Year: 2020 | Volume: 13 | Issue: 1 | Page No.: 29-35
DOI: 10.3923/ajsr.2020.29.35
Profile and Psychological Burden in Caregiver of Children with Thalassemia Dependent Transfusion
Lulu Eva Rakhmilla , Shelly Iskandar, Susi Susanah, Enny Rohmawaty and Sjarif Hidajat Effendi

Abstract: Background and Objective: Thalassemia is one of the most prevalent hereditary diseases in West Java, Indonesia. Children with thalassemia need care from the first years of their life owing to the physical and psychological effects of their disorder. Thalassemia is a concern not only for the children’s health but also for the quality of life of both the children and their caregivers. This study investigated the relationship between the burden of care giving and the psychological conditions. Materials and Methods: In this analytical cross-sectional study, a total of 60 parents of children with thalassemia dependent transfusion (11 fathers and 49 mothers) aged 19-73 years (M = 38.12, SD = 9.80) were included, of whom 83.33% of caregivers lived with their spouses.

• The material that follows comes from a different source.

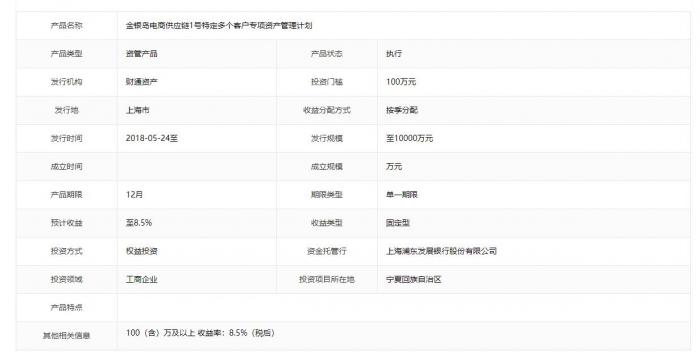 九州證券2.9億資管淪陷金銀島! 多機構踩雷,九鼎系或兜底兌付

All participants completed 2 different questionnaires to assess their knowledge about thalassemia and their psychopathological symptoms (SCL-90). All participants consented to undergo screening and voluntarily participated in the screening tests. Results: Caregivers had high knowledge of thalassemia, but their education levels were rather low. The major finding of this study was that their psychopathological symptoms were significantly associated with their occupation (p = 0.039, OR = 0.309, 95% CI = 0.099-0.965). Those with no occupation showed a higher prevalence of psychopathological symptoms. Conclusion: Thalassemia affects not only the persons with the disorder but also their caregivers in several aspects, including their psychosocial well-being. This study emphasises the role of a supportive group in the psychological well-being of caregivers, which could be used to prevent the pathological effects of caregiver burden and enhance their psychological well-being through counselling.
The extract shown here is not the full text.